Phyl WEGNER, Appellant, v. INDEPENDENT SCHOOL DISTRICT NO. 286, Respondent.

No. 44600.

Supreme Court of Minnesota.

October 11, 1974.

*353 Oppenheimer, Wolff, Foster, Shepard & Donnelly, Craig W. Gagnon and Robert R. Reinhart, Jr., St. Paul, for appellant.

LeVander, Zimpfer & Tierney and Bernard G. Zimpfer, Minneapolis, for respondent.

Heard before SHERAN, C.J., and PETERSON, KELLY, and YETKA, JJ., and considered and decided by the court en banc.

PER CURIAM.

Petitioner appeals from an order of the district court which affirmed an order of respondent school district terminating her continuing teaching contract and which quashed her petition for certiorari. Petitioner contends that the district court's order, and indirectly the school board's order, should be reversed for either of two reasons: First, because the school district did not timely provide her with a copy of its findings, and second, because the school board violated her right to equal protection by basing its decision in part upon the fact that she was a married woman. We affirm.

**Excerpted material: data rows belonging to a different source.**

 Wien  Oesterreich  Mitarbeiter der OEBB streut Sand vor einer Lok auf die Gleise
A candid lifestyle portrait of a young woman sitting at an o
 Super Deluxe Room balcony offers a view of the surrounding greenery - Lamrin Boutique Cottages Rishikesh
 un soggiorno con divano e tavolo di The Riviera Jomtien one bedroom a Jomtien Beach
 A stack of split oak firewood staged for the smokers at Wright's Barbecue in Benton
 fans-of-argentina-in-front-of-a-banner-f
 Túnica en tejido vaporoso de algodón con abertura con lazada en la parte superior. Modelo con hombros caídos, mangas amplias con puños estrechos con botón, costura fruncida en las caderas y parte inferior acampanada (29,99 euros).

During the fall of 1972 the school district, faced with declining enrollments and the need for budget cuts, began to solicit input from students, teachers, district residents, and others concerning the proper method of meeting the problem. Subsequently, on November 13, 1972, the school board met and passed a resolution regarding the discontinuance or reduction in scope of educational programs. This resolution stated in part as follows:

"That the School Board has established the following criteria as a matter of policy to be utilized in determining which teachers' contracts will be terminated in effecting discontinuance of positions: qualifications, salaries, program elimination, comparative salaries, financial status, certification, longevity, competency, recommendations of its administrative staff, priority of programs, educational backgrounddegrees, incumbent to discontinued positions, and other similar relevant considerations."

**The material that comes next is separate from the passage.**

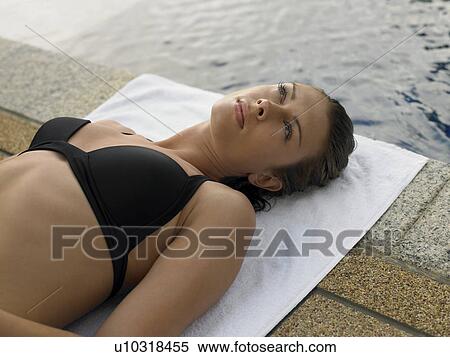 Stock Photography - Young Woman in Bikini by Swimming Pool. Fotosearch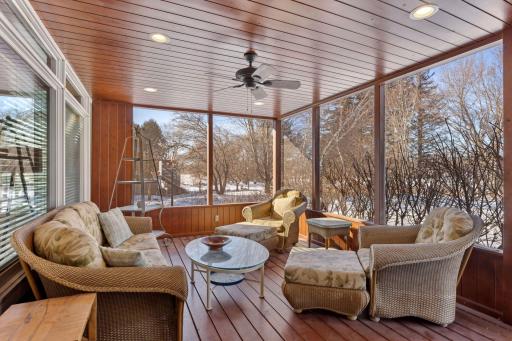 Screened-in porch off the kitchen gives you views of the sport court and the lake.iving room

At a meeting on February 26, 1973, the board passed a resolution proposing termination of petitioner's position as second of two elementary physical education specialists.

After receiving timely notice of the proposed termination, petitioner requested a hearing pursuant to Minn.St.1971, ยง 125.12, *354 subd. 4. At that hearing, held before the board on March 26, 1973, the school superintendent, Douglas Rossi, testified that in reaching the decision to recommend termination of petitioner's position, he had considered program priorities and had discussed with the administrative staff the class size versus specialist route of reducing budget and that he felt that one of the two physical education specialist positions could properly be terminated. Petitioner testified that the superintendent gave, as one reason for the termination, that other similarly sized elementary schools got along with only one such specialist. Petitioner's claim that the school board discriminated against her on the basis of her marital status is based upon Superintendent Rossi's additional testimony at the hearing that one of the factors he considered in recommending termination of petitioner's position was the fact that she had financial security in the sense that her husband was employed.

At the conclusion of the testimony of Superintendent Rossi and others, the board adopted a resolution terminating petitioner's position and contract as of the end of the 1972-1973 school year. In its findings the board noted the efforts at budget reduction and then detailed the factors it considered, as follows:

"* * * [Q]ualifications, salaries, program elimination, comparative salaries, financial status, certification, longevity, competency, recommendations of its administrative staff, priority of programs, educational backgrounddegrees, incumbent to discontinued position, the reports of the superintendent pertaining to enrollment figures, levy limitations, class size, budget cuts in non-instructional, promotional and extra-curricular programs and community services."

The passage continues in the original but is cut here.